Support overlap scheduling for speculative decoding by timmy-feng · Pull Request #9588 · sgl-project/sglang (original) (raw)

Motivation

Speculative decoding currently does not support overlap scheduling due to the sequential logic between the draft and target models. However, overlap scheduling has been shown to achieve up to 10% performance gains in non-speculative use cases. This PR achieves host overlap in speculative decoding with 5-10% improvement at various batch sizes.

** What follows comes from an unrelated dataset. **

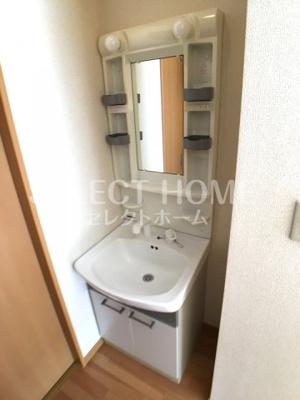 【独立洗面台】 | メゾネット椿北棟 | 朝の身支度には欠かせない独立洗面化粧台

Feature parity is in the works.

To enable this experimental feature, the SGLANG_ENABLE_EXPERIMENTAL_EAGLE_OVERLAP_SCHEDULE=1 environment variable must be set. Additionally, using Flash Attention 3 is recommended as there is a sync in the Flash Infer backend.

Modifications

There should be no behavior change if the SGLANG_ENABLE_EXPERIMENTAL_EAGLE_OVERLAP_SCHEDULE environment variable is not set.

Host Syncs

The following was done to remove host syncs:

Remove dynamic shapes from target verify by always padding accept length to spec_steps and adding padding handlers
Moved request finished / filtering checking to process_batch_result_decode and filter_batch respectively
Handle both allocation and freeing of pages on the scheduler (return of resolve_last_batch_result -> eviction mask to scheduler)
Overestimate seq_lens_cpu since the host can only know the exact sequence length from one step ago

Eagle Client

After removal of all syncs, EagleWorkerClient was implemented with:

A mock forward_speculative_batch_generation function which puts work on a queue for the forward thread
A FutureSpecInfo class which contains future buffers corresponding to each tensor in EagleDraftInput
forward_thread_func_ and resoluve_last_batch_result which mirror their counterparts in tp_worker_overlap_thread.py

Future Work

We hope these items can be addressed in future PR's.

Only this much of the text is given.